MU scientists discover possible biological markers for identifying opioid use disorder
Scientists at the University of Missouri have discovered possible biological markers that they hope could one day help identify the presence of an opioid use disorder during human pregnancy.
Cheryl S. Rosenfeld, an author on the study, said women often take opioids for pain regulation during pregnancy, including oxycodone, so it’s important to understand the effects of these drugs on the fetal placenta, a temporary organ that is essential in providing nutrients from a mother to her unborn child. Rosenfeld is a professor of biomedical sciences in the College of Veterinary Medicine, investigator in the Christopher S. Bond Life Sciences Center and research faculty member in the Thompson Center for Autism and Neurodevelopmental Disorders.
According to the Centers for Disease Control and Prevention, the number of pregnant women diagnosed with an opioid use disorder has quadrupled between 1999 and 2014.
“Many pregnant women are being prescribed opioids — in particular OxyContin, or oxycodone — to help with the pain they can experience during pregnancy, and this can lead to opioid use disorders,” Rosenfeld said. “Many women also don’t want to admit to taking these drugs, and we know that children born from mothers who have taken opioids during pregnancy experience post-birth conditions, such as low-birth weight. But, so far no one has studied the potential ramifications of opioid use during fetal life. Thus, we focused on the placenta because it is the main communication organ between the mother and her unborn child.”
Previous studies examining these effects have used human cell cultures, but this is one of the first studies to use an animal model to examine how developmental exposure to these drugs affect the conceptus. In the study, Rosenfeld and her colleagues focused on how a mother’s use of oxycodone during her pregnancy can affect a mouse’s placenta. Mouse and human placentas are similar in many ways, including having placenta-specific cells in direct contact with a mother’s blood. They found the use of this drug during pregnancy can negatively affect the placenta’s structure, such as reducing and killing cells that produce by-products needed for normal brain development. In addition, Rosenfeld said their findings show specific differences in genetic expressions between female and male placentas in response to maternal oxycodone exposure.
“Our results show when mothers take oxycodone during pregnancy, it causes severe placental disruptions, including elevation of certain gene expressions,” Rosenfeld said. “We know what the normal levels should be and if there are any changes, then we know something might have triggered such effects. For instance, in response to material oxycodone exposure, female placentas start increasing production of key genes essential in regulating material physiology. However, in male placentas, we see some of these same genes are reduced in expression. These expression patterns could be potential biomarkers for detecting exposure to oxycodone use.”

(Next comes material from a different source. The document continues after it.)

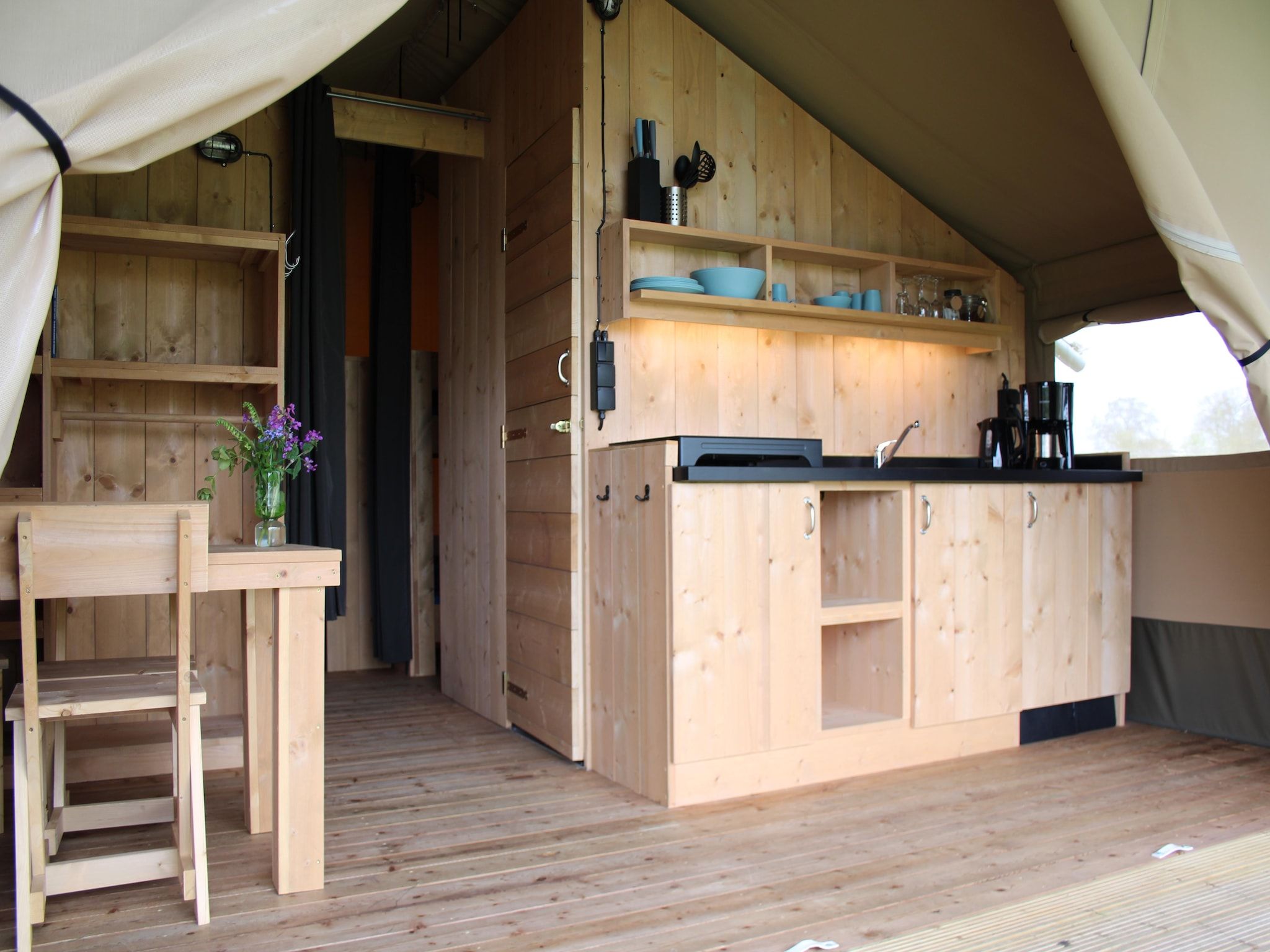De woonkamer van Luxe glamping met badkamer 2 in De Veenhoop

Rosenfeld said by studying this in an animal model, it allows scientists to see these changes quicker than if they were completing a comparable study in people, because a pregnant mouse can give birth in 21 days compared to about nine months in people.
“This also allows us to easily study other regions of the body, especially the brain of exposed offspring, that would be affected by taking these opioids,” Rosenfeld said. “We can then use this information to help epidemiologists identify behaviors that people should be looking at in children whose mothers have taken these opioids.”
Rosenfeld suggests that opioids should be added to other widely discussed warning factors during pregnancy, such as smoking and drinking alcohol. She said short-term use of opioids by pregnant women, such as someone who has kidney stones, might not cause much of an effect on their pregnancy, but that likely depends on when the mother is taking the drug while pregnant. Future plans for this study include analyzing how offspring are affected once they are born.
Rosenfeld’s research is an example of an early step in translational medicine, or research that aims to improve human health by determining the relevance of animal science discoveries to people. This research can provide the foundation for precision medicine, or personalized human health care. Precision medicine will be a key component of the NextGen Precision Health Initiative — the University of Missouri System’s top priority — by helping to accelerate medical breakthroughs for both patients in Missouri and beyond.
The study, “Maternal oxycodone treatment causes pathophysiological changes in the mouse placenta,” was published in Placenta, the official journal of the International Federation of Placenta Associations. Other authors include Madison T. Green, Rachel E. Martin, Jessica A. Kinkade, Robert R. Schmidt, Nathan J. Bivens and Jiude Mao at MU; and Geetu Tuteja at Iowa State University.
Funding was provided by grants from the National Institute of Environmental Health Sciences and the Eunice Kennedy Shriver National Institute of Child Health and Human Development. The content is solely the responsibility of the authors and does not necessarily represent the official views of the funding agencies.